Se pensarmos em um perdão incondicional vindo de Deus, seremos levados a uma conclusão natural – o universalismo, pois se o sacrifício de Cristo não exige mudança de vida, na forma do arrependimento, a conseqüência natural seria uma obra salvífica universal, alcançando incondicionalmente a todas as criaturas, não importando na verdade nem em quem ela crê. Isso é antibíblico porque a verdadeira fé em Cristo ou fé salvadora implica em um arrependimento de pecados diante do Deus revelado em Cristo.

E aqueles casos em que não é possível saber se houve um arrependimento do ofensor, por exemplo, quando este já morreu, como agir? Penso que podemos responder a esta pergunta com um princípio bíblico que se aplica ao contexto da dinâmica de relações: ofensor, ofendido e o perdão.

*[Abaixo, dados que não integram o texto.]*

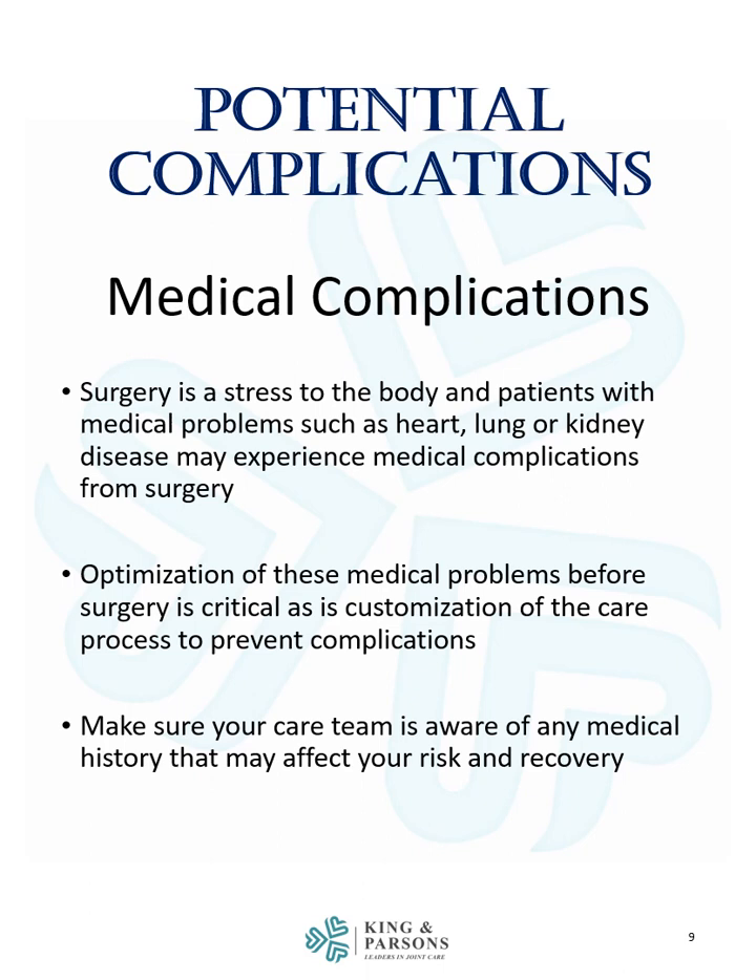Medical complications may also occur. Surgery is a stress to the body, and patients with medical problems such as heart, lung, or kidney disease may experience medical complications from surgery. Optimization of these medical problems before surgery is critical, as is customization of the care process to prevent complications. Make sure your care team is aware of any medical history that may affect your risk and recovery.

Quando falamos que o perdão pleno ocorre quando há o pedido do perdão por parte do ofensor, não queremos dizer que se isso não ocorrer o ofendido deve se manter endurecido, irado, mantendo arquivado a amargura e o desejo de vingança. De forma nenhuma, pois nada disso é cristão e conseqüentemente bíblico.

O Cristão verdadeiro dever sempre manter em seu coração uma atitude positiva pró-perdão, seu coração deve estar tocado pela graça no sentido de que ele permaneça puro, (conf. Colossenses 4.12-13) onde toda a dor da ferida recebida seja entregue ao justo juiz, aquele que julga retamente e que alivia a nossa alma (Rom. 12.17-20; Ef. 4.27, 31-32; Tiago 1.19-20). É preciso depositar aos pés de Jesus toda a nossa dor, angústia, ira e revolta. Nele temos paz e assim receberemos uma disposição perdoadora. Dessa forma estamos puros diante de Deus, e podemos viver o resto da vida sem amarras às feridas que recebemos de alguém que não mais poderá nos pedir perdão e acertar a situação. Isso se aplica também aos vivos, pois até que haja um encontro de acertos de contas visando resolver o problema, nosso coração deve manter-se puro, sem raízes de amargura, mas mantido em uma pré-disposição positiva na direção do perdão, liberando-o sempre que for requerido coerentemente. Tudo isso feito na força da graça do Senhor, gerando assim uma cura completa do ofensor e do ofendido, mesmo que os relacionamentos nunca mais possam vir a ser os mesmos. (Você conseguiria ser amigo de alguém que lhe tenha estuprado ou de um assassino do seu filho?) Uma coisa é perdoar e até servir ao ofensor, outra coisa é ter um relacionamento profundo de amizade e comunhão. Deus pode fazer um milagre em nossas vidas até nisso, mas a Bíblia deixa claro que mesmo quando ocorre um perdão verdadeiro, algumas conseqüências podem permanecer. Exemplo: Deus perdoou o povo no deserto, mas não permitiu que os mesmos entrassem na terra prometida, Deus perdoou o pecado de Davi, mas não impediu seu sofrimento familiar, Jesus perdoou o ladrão que estava pendurado à sua direita, mas não impediu a sua morte, Jesus pediu ao Pai que perdoasse aos seus algozes (e alguns foram perdoados, pois certamente se arrependeram – vide Lucas 23.44-48), mas isso não impediu a destruição de Jerusalém algumas décadas depois, conforme o próprio Jesus profetizou.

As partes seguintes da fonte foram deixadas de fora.